[DATA EXTRACT Boundary: Start]
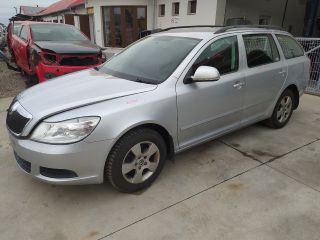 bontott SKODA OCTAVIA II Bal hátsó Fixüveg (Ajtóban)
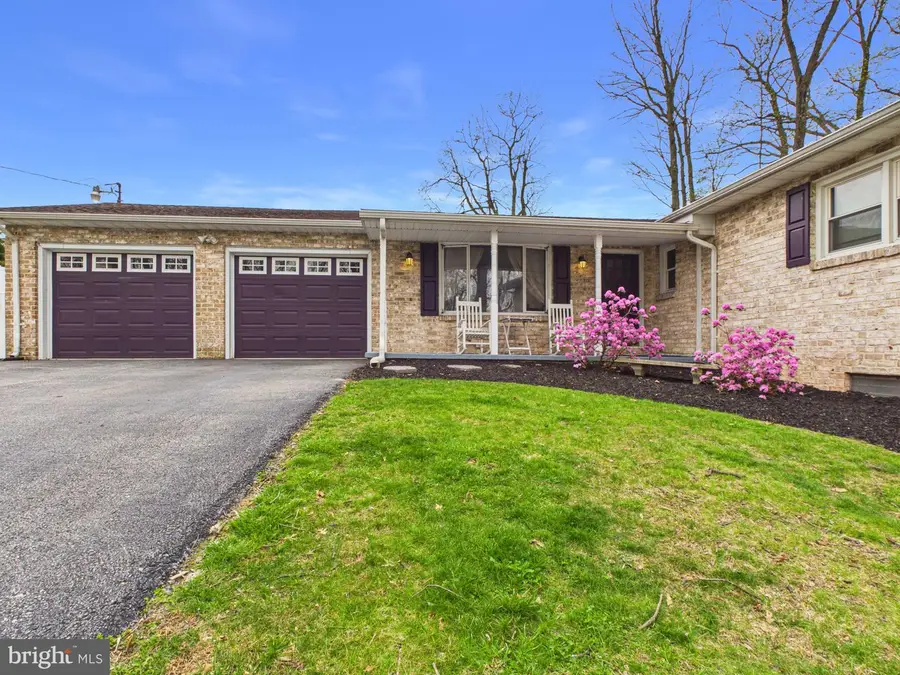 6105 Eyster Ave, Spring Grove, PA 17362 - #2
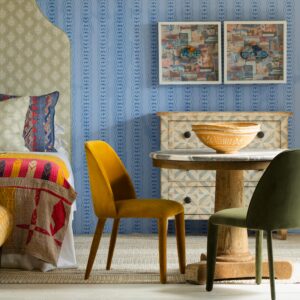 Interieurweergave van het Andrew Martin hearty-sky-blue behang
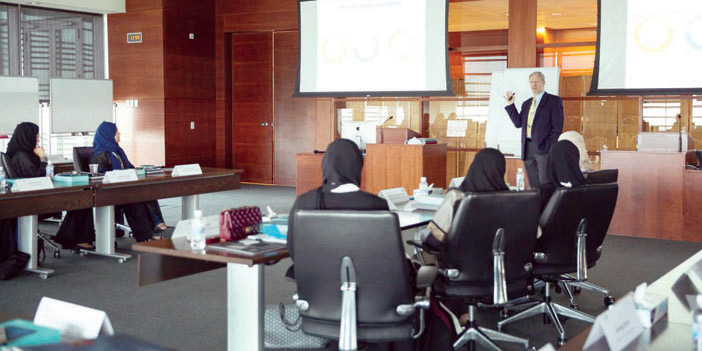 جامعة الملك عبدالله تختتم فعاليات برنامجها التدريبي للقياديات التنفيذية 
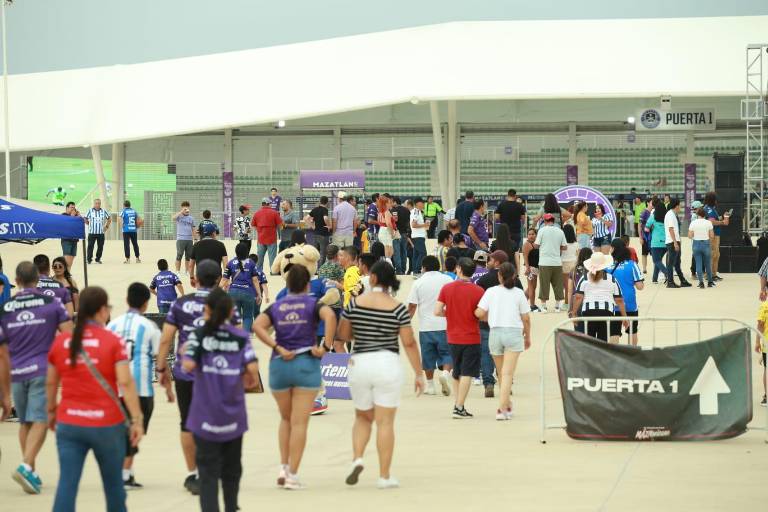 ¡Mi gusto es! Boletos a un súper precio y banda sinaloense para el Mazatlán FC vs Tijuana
[DATA EXTRACT Boundary: End]
[DATA EXTRACT Boundary: Start]
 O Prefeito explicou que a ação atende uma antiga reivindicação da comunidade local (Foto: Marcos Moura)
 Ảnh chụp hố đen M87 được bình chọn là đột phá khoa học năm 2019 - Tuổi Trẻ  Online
[DATA EXTRACT Boundary: End]
Repeat, word for word, the lines of the material above from the one holding "Interieurweergave van het" through the one holding "FC vs Tijuana". Leave out pictures.

* [ANSWER TO THIS EXERCISE]
 Interieurweergave van het Andrew Martin hearty-sky-blue behang
 جامعة الملك عبدالله تختتم فعاليات برنامجها التدريبي للقياديات التنفيذية 
 ¡Mi gusto es! Boletos a un súper precio y banda sinaloense para el Mazatlán FC vs Tijuana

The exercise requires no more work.